--- Extracted records Enclosed Below ---

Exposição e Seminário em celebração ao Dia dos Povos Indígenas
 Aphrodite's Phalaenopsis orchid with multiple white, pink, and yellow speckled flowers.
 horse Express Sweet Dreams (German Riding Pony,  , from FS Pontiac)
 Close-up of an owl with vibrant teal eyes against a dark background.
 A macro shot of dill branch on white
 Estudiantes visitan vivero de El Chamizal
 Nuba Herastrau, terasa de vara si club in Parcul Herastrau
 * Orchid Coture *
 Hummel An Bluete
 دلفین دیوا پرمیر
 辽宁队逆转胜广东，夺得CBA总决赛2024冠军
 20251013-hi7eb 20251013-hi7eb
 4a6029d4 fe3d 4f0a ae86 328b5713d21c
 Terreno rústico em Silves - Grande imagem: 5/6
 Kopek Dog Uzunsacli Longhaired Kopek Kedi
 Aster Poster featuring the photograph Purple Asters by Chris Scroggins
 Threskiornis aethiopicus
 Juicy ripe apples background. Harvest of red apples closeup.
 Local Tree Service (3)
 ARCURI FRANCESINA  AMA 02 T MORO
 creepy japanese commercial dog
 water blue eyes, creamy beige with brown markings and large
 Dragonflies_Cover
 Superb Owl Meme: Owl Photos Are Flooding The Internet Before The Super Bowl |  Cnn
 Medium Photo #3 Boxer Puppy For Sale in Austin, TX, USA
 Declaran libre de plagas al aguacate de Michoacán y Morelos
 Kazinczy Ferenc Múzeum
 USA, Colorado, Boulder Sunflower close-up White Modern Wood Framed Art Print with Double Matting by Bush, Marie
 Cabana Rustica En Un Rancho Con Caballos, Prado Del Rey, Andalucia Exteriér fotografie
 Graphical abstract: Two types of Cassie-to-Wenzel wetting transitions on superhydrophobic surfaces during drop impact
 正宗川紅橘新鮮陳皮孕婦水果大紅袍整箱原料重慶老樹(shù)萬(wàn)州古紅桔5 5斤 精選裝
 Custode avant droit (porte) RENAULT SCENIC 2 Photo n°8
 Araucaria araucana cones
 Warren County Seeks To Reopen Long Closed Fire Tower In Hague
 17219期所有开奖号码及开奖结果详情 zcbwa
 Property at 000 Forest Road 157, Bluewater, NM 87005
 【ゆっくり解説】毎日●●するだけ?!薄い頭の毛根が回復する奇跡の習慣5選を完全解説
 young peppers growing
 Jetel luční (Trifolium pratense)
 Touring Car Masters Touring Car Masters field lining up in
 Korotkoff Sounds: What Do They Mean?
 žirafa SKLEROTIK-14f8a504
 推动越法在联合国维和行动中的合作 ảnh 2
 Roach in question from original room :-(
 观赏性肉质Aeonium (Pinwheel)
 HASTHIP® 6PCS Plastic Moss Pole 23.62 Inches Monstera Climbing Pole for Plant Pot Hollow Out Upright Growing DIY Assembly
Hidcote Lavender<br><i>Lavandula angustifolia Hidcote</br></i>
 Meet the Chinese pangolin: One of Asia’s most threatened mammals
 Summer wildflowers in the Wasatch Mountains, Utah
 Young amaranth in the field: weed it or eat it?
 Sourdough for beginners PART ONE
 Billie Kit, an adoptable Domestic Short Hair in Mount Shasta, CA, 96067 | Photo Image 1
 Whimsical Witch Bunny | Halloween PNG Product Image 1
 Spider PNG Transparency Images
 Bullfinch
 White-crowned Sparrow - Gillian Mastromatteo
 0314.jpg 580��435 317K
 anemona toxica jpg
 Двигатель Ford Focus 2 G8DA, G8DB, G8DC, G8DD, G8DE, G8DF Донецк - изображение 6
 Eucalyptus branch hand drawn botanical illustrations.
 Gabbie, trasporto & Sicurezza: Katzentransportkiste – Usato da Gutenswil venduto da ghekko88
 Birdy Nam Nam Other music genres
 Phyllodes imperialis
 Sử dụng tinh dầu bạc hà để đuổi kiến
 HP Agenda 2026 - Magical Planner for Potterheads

--- End of Enclosed Extracted records ---

Exercise requirements :: The lines sought are those in the data above that include the string "background"; copy each one.

Finished task ::
 Close-up of an owl with vibrant teal eyes against a dark background.
 Juicy ripe apples background. Harvest of red apples closeup.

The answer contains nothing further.